Angst over the duration and humanitarian cost of Israel’s war appears less pronounced among Orthodox communities, including their rabbis, which tend to be more politically conservative, skew to the right of non-Orthodox communities on Israel issues and generally support the war effort. Some Orthodox rabbis have spoken out in recent days to express distress over the pressure that Israel is facing from the United States.
Efrem Goldberg, senior rabbi of the Boca Raton Synagogue in Florida, wrote on Facebook that he believed the Biden administration was wrong to demand changes from Israel following the World Central Kitchen killings.
“If you or your loved one were held hostage, wouldn’t you want and expect your President to make ultimatums to those torturing you, not those fighting for your release?!” he wrote.
Rabbi Asher Lopatin, who leads Kehillat Etz Chayim of Detroit and also works at the Jewish Federation of Greater Ann Arbor, also wrote on Facebook that he was distressed by the Biden administration’s declining patience with Israel’s war effort. He also said he remained confident not only in the virtue of the war but in how Israel is fighting it.
“As we sadly know from the recent tragic death of seven humanitarian aid workers (and the preliminary Israeli investigation), not every soldier is perfect,” Lopatin wrote on Facebook. “Yet I deeply believe, with all the evidence, that the IDF is the most moral army in the world.”
The idea that the war is causing Israel to become a pariah state — or perhaps has already made it so — has troubled rabbis across denominations and ideologies.
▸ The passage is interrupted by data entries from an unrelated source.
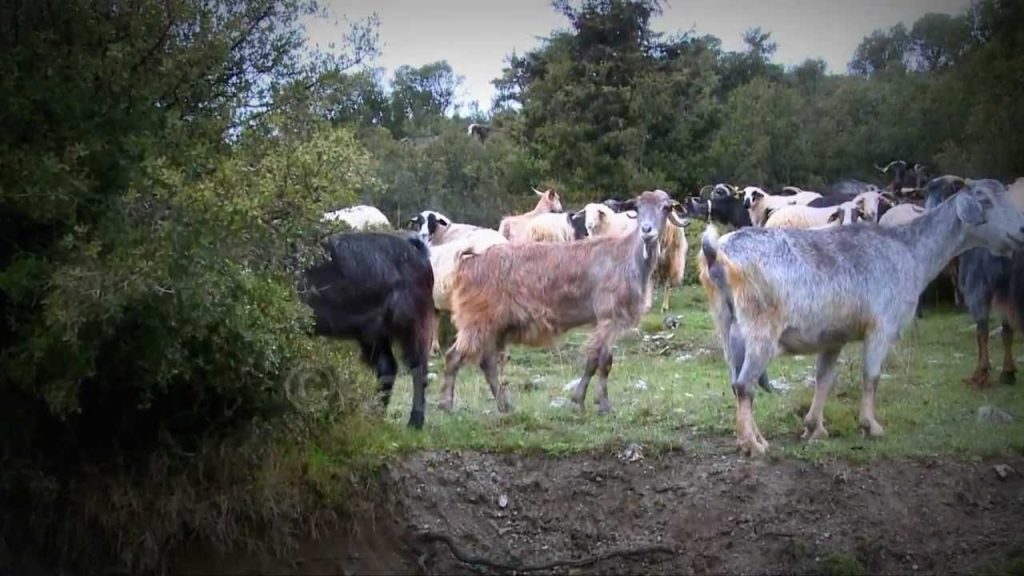 Αυτό σίγουρα δεν το ήξερες: Για ποιο λόγο η Google νοικιάζει 200 κατσίκες κάθε χρόνο; (βίντεο)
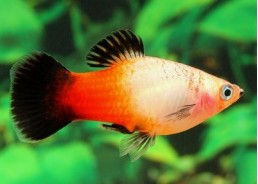 Platy wagtail sunburst - Platy - Comptoir du Poisson exotique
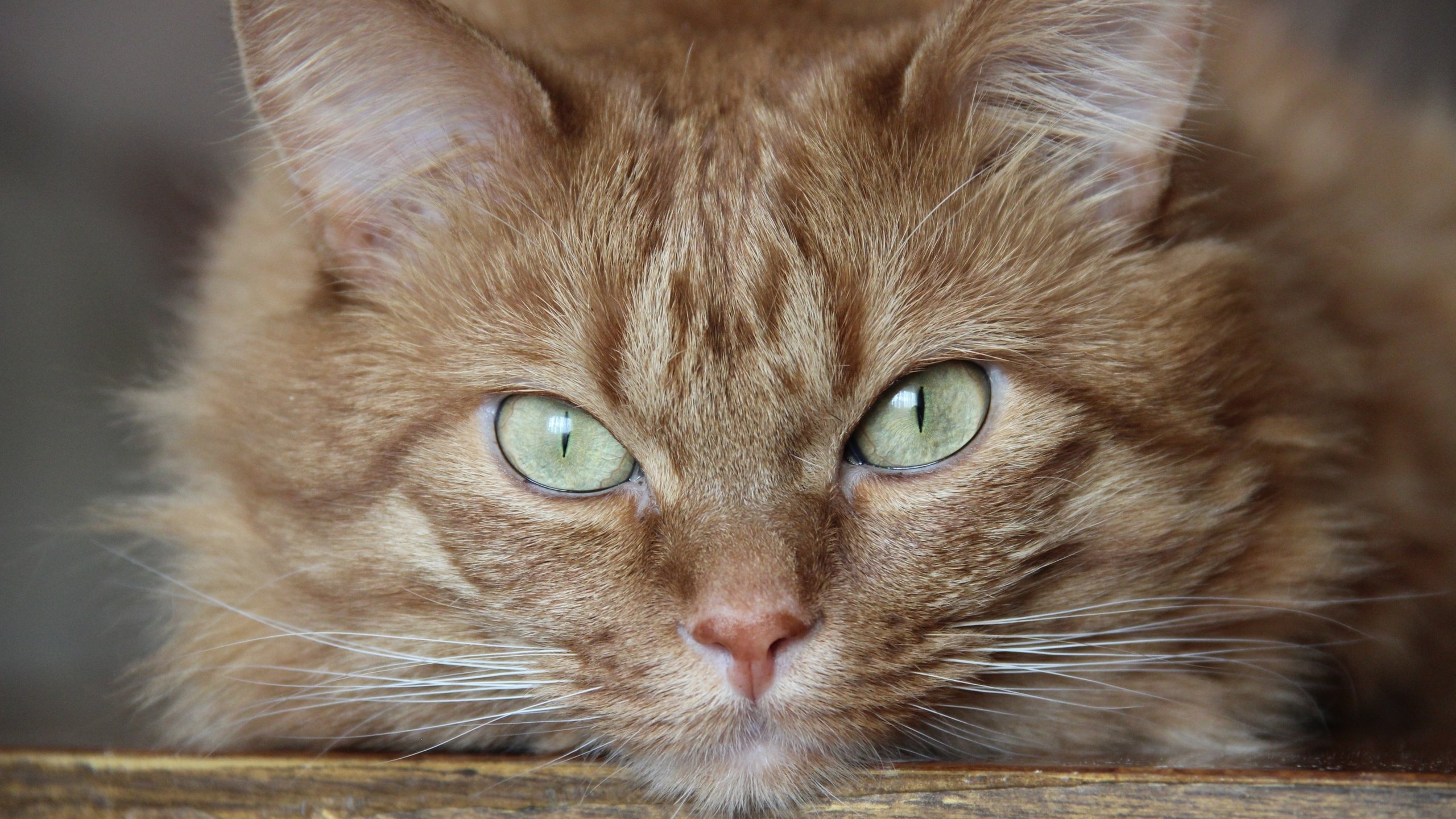 Рыжий кот с зелеными глазами порода
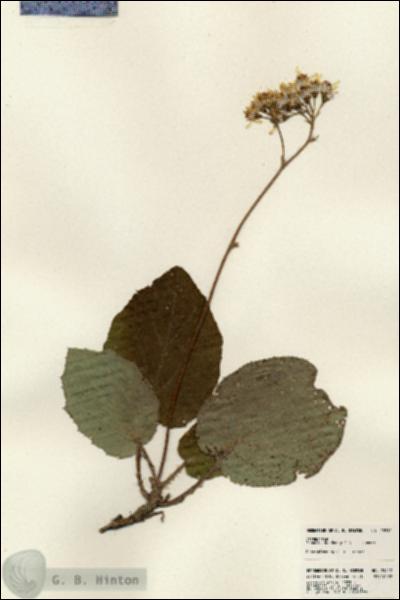 URN_catalog_HBHinton_herbarium_23812.jpg.jpg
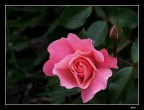 rosa botticelli rosa botticelli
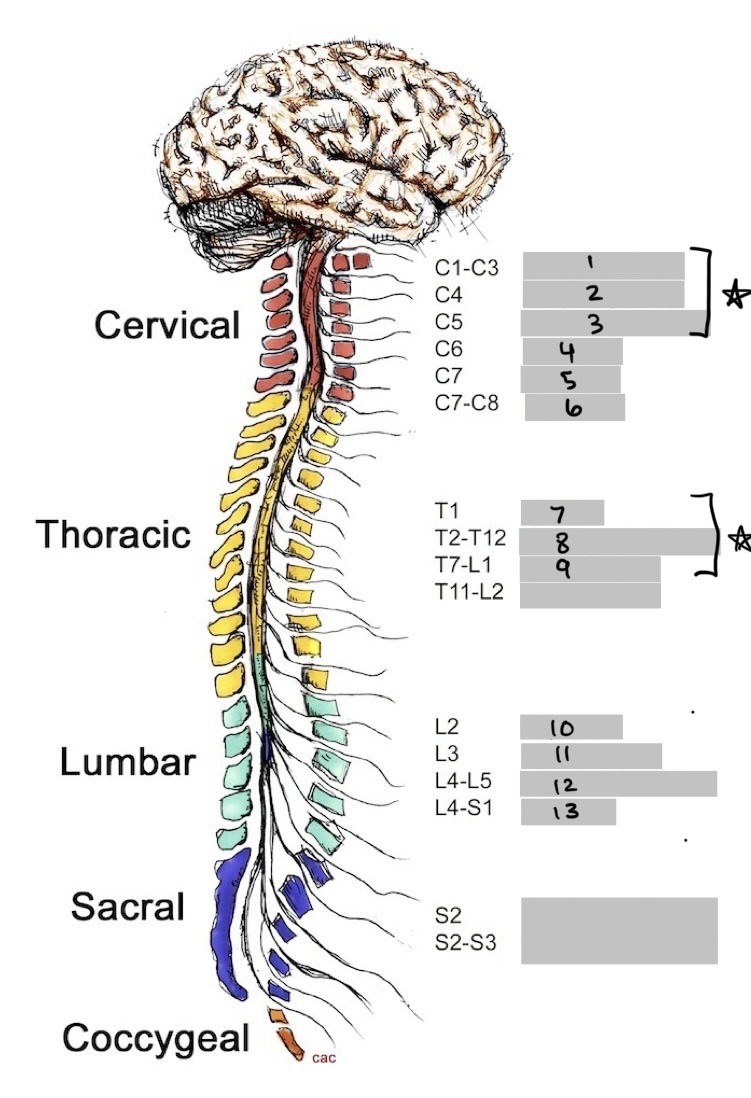 <p>13</p>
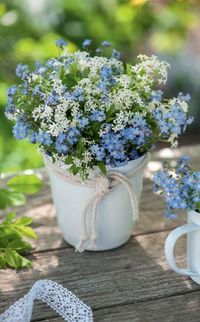 Von April bis Juni blüht Waldmeister – dann, wenn auch Vergissmeinnicht den Garten mit himmelblauen Blütenwolken schmücken. Gemeinsam in die Vase gestellt, bilden sie ein romantisches Duo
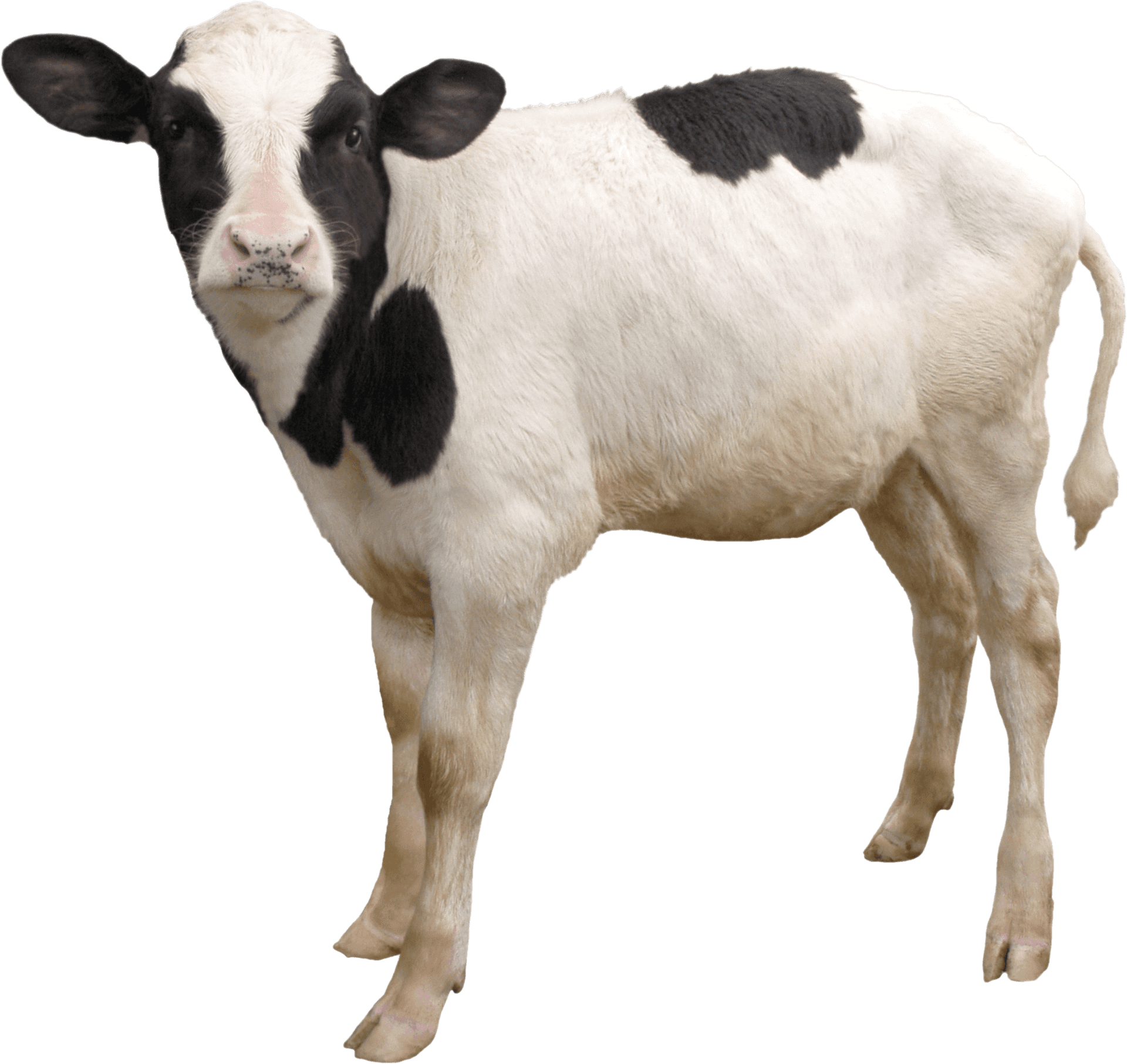 Black White Calf Standing PNG Image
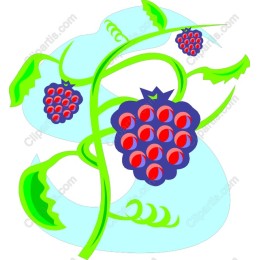 Vibrant Raspberry Vine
Rabbi Barat Ellman, a professor of religion at Fordham University and advocate for a ceasefire, said such a reality is “very scary for Israelis and it’s very scary for Jews.”
Katz believes global antagonism toward Israel made that scenario inevitable.
“Israel already is a pariah state. I’m not sure that this is going to change things. It’s been horrible to watch as Israel has lost world opinion,” he said. “I knew that this was going to happen the minute that Oct. 7 happened. And this [the strike on aid workers] sped things up a little bit, but it was going to get there no matter what, unfortunately.”
Kalmanofsky said he hasn’t yet given up on the war. “Israel has to pursue its war aims with urgency and it should pursue its humanitarian aims with comparable urgency,” he said. And like the vast majority of American synagogues, his congregation recites a prayer for Israel. But he adds something of his own as well.
“I never let a week pass without also mentioning the suffering of the Palestinians,” he said. “We don’t recite a formal tefillah [prayer], but I never let a Saturday pass without also raising that.”